A San Diego man wrongly accused of raping a 14-year-old girl is free, thanks to Team 10, in a case that is now shedding light on what could be some problems with the local court system you help pay for.

Much of the case against Scott Espinosa was not as it seemed and it soon became clear that the victim, who was actually a woman in her 20s with three children (who she does not have custody of), had not been forthcoming with the truth.

It was Lindsay Peterson's testimony that put Espinosa behind bars but according to her mother, Theresa Peterson, her daughter had been a prostitute and had been using drugs for years. She said her daughter was a liar and anything she may have said to convict Espinosa was questionable at best.   The charges were  Espinosa held her captive, raped her and forced her to have sex with other men, including 10 men - two at a time.

Espinosa was found guilty, although he did have people in his corner questioning the victim's testimony and how the trial played out in general.

Espinosa's new attorney was granted a motion for a new trial, but rather than go through a second trial, Espinosa decided to plead to a lesser charge so he could get out of jail in a few days. He said he did not trust the system to get it right a second time.

Espinosa pleaded guilty to a pandering charge, or helping a prostitute. He said it was ironic because he's not a pimp. All of the rape charges were dropped.

Peterson now lives in Oregon, where she was from originally. She has been arrested there at least once on drug charges.

What Went Wrong?

Some of the finger pointing is directed at Espinosa's attorney, J.W. Carver.  Another attorney who filed for a new trial for Espinosa described the first trial with Carver as a "miscarriage of justice."

Robert Fellmeth with the Center for Law in the Public Interest reviewed elements of the trial and also criticized Carver.

"I was troubled by the lack of an aggressive defense at the trial level," he said.

Team 10 contacted Carver for a response, asking if he agreed with the characterization and whether he felt he was to blame for Espinosa being wrongly convicted.

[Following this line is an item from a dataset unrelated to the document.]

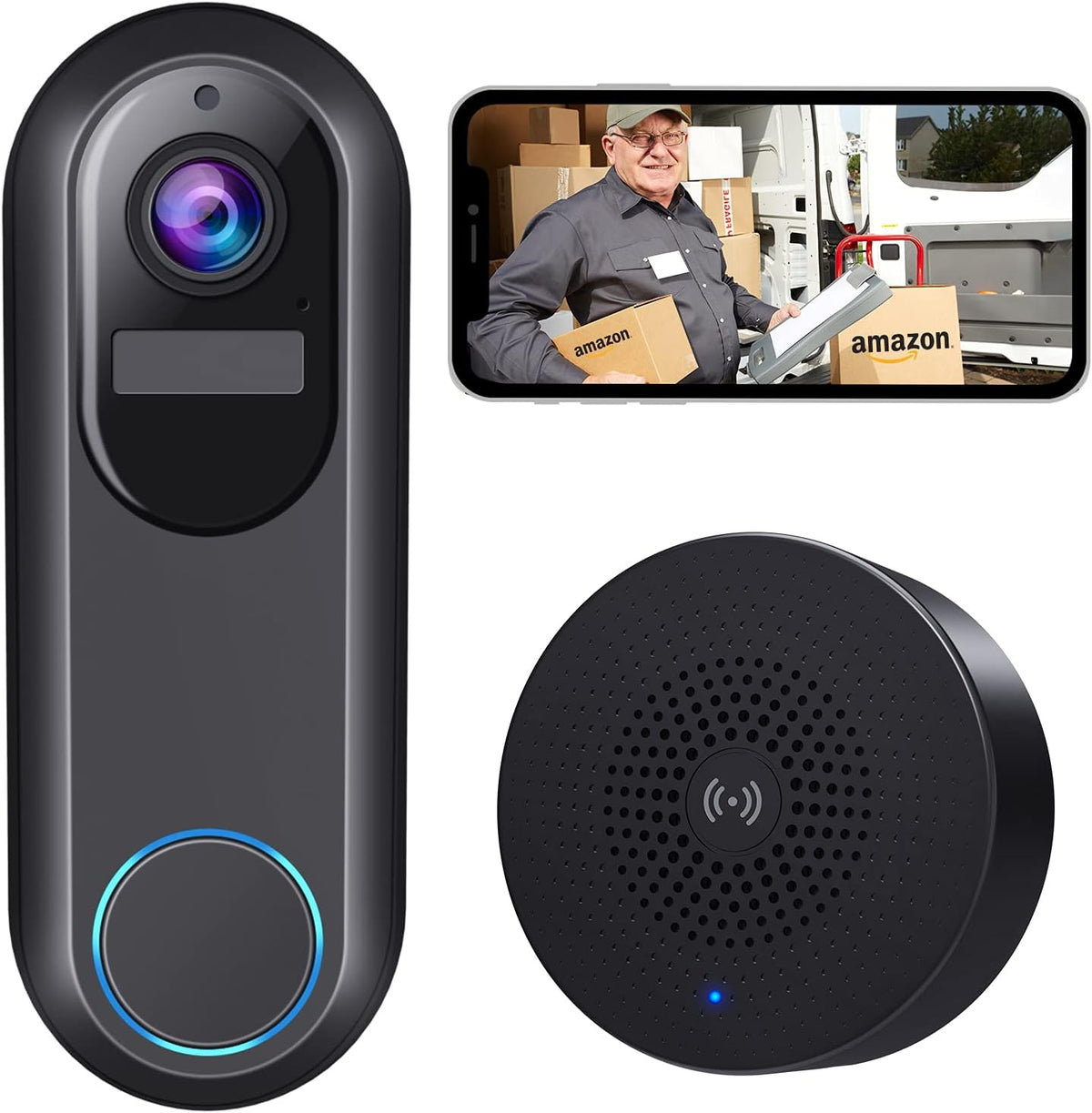 1080P HD Wireless Video Doorbell Camera with Chime B328137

Carver responded in an e-mail "J.W. - thank you for your inquiry. All your concerns were previously addressed long ago in pleadings, testimony and court rulings. The issues you are investigating are all matters of public record. Thanks again."

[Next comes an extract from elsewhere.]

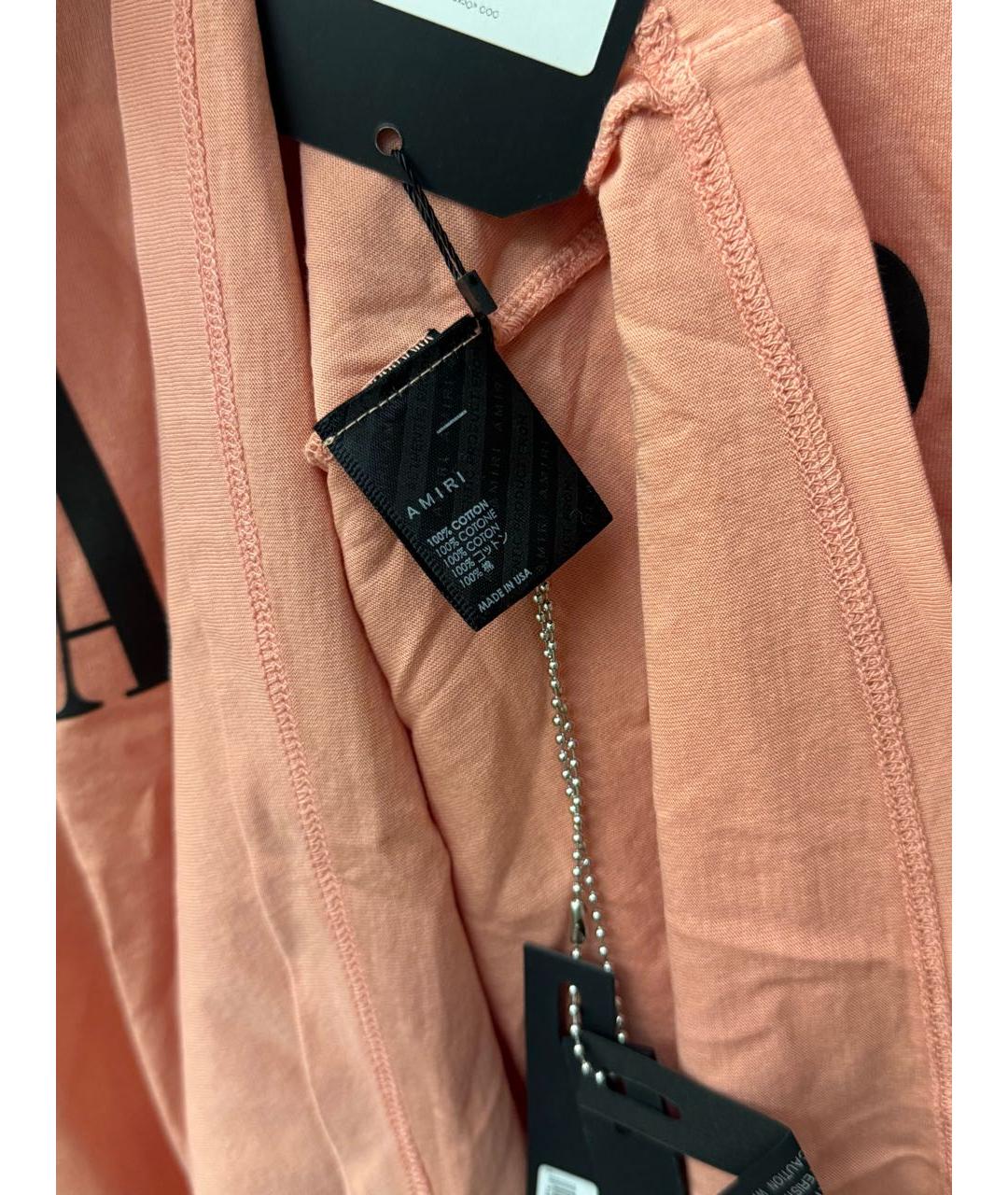 AMIRI Коралловая хлопковая футболка, фото 7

Carver is in private practice but also works for the Office of Assigned Counsel, one of the elements of San Diego's indigent defense services (others are the Public Defender's Office, Alternate Public Defender, Juvenile Delinquency and Multiple Conflict Office).

The entire group of indigent defense services receives about $75 million in tax dollars a year and uses 357 people to provide “quality legal assistance to individuals charged with a crime in state court who are financially unable to retain private counsel,” according to the county's website.

Is there any oversight? It appears there isn't.

Team 10 filed a California Public Records Request with the County of San Diego and the Office of Assigned Counsel and the response from the office shows they do not specifically track the success or failure history of attorneys working for their office.

We also asked for, and received, the payments made to Carver from the Office of Assigned Counsel for a period of five years. He made $116,000 last year from the service.

Carver was asked to attend additional training on handling of cases involving sexual abuse. He agreed to do so. The prosecutor in the case has since left the District Attorney's office.

The Back Story

Much of the case against Espinosa was not as it seemed and it soon became clear that the victim, who was actually a woman in her 20s with three children (who she does not have custody of), had not been forthcoming with the truth.

It was Lindsay Peterson's testimony that put Espinosa behind bars but according to her mother, Theresa Peterson, her daughter had been a prostitute and had been using drugs for years. She said her daughter was a liar and anything she may have said to convict Espinosa was questionable at best.   The charges were  Espinosa held her captive, raped her and forced her to have sex with other men, including 10 men - two at a time.

Espinosa was found guilty, although he did have people in his corner questioning the victim's testimony and how the trial played out in general.

Espinosa's new attorney was granted a motion for a new trial, but rather than go through a second trial, Espinosa decided to plead to a lesser charge so he could get out of jail in a few days. He said he did not trust the system to get it right a second time.

Espinosa pleaded guilty to a pandering charge, or helping a prostitute. He said it was ironic because he's not a pimp. All of the rape charges were dropped.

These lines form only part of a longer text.